Set up Lucene Search Engine

Persephone supports Lucene as a database search index alternative. If your database is not Oracle, then you must use the Lucene search index to compensate for the context search functionality of Oracle that tokenizes text strings and enables search for keywords using syntax like 'kinase' or 'transpos*'. Plus, the Lucene search engine is highly optimized and fetches the results quicker than a simple database query.

The process of setting up of Lucene is quite simple:

1. Allocate disk space on the same file system as Cerberus is running on. The allocated space should be large enough and can be of the same order of magnitude as the database table space.

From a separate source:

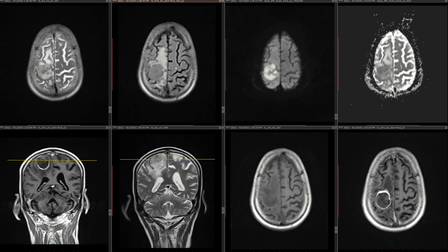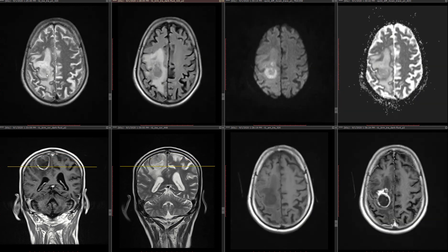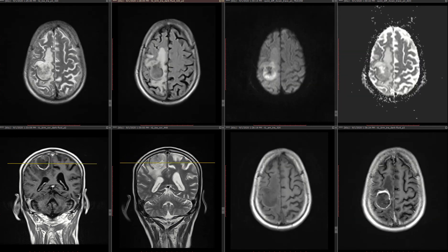I have an interesting case for you today. The patient presented with left leg weakness — that's the only symptom. Basically, what we have here is a T2 hypointense lesion with a lot of vasogenic edema. I'm calling it vasogenic edema because it is not restricting — that edema is not restricting.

2. Run SearchIndexUpdater that comes with PersephoneShell. It will create index files in the allocated disk space. Here is a list of parameters:

s:\SearchIndexUpdater\>SearchIndexUpdater
Usage: SearchIndexUpdater [OPTIONS]+
Update search index to specific directory.

Options:
-t, --type=IndexType (required) the IndexType, must be one of {MARKER,
ANNOTATION, QTL, ALL}
-d, --destination=DIR DIR directory to store index data (default=uses directory specified in config)
-u, --updateMode=UpdateMode
the UpdateMode, must one of {APPEND, OVERWRITE} (default=uses mode specified in config)
-s, --connectionString=VALUE
name of connection string stored in config file (
default=connection string in config under name 'Default')
-m, --mapSets=VALUE list of map set's ACCESSION_NOs or MAP_SET_IDs to
be indexed, separated by ',', (default=all)
-h, --help show this message and exit

Note

On Linux or Unix, use mono framework to run the SearchIndexUpdater tool:
mono SearchIndexUpdater.exe ...

Update SearchIndexUpdater.exe.config file to include the database connection string. This string should have a name (referenced on the command line) and a provider (Oracle.ManagedDataAccess.Client or MySql.Data.MySqlClient). For example, for MariaDb, the connection string could be:

Optionally, use cipher to encrypt the connection string.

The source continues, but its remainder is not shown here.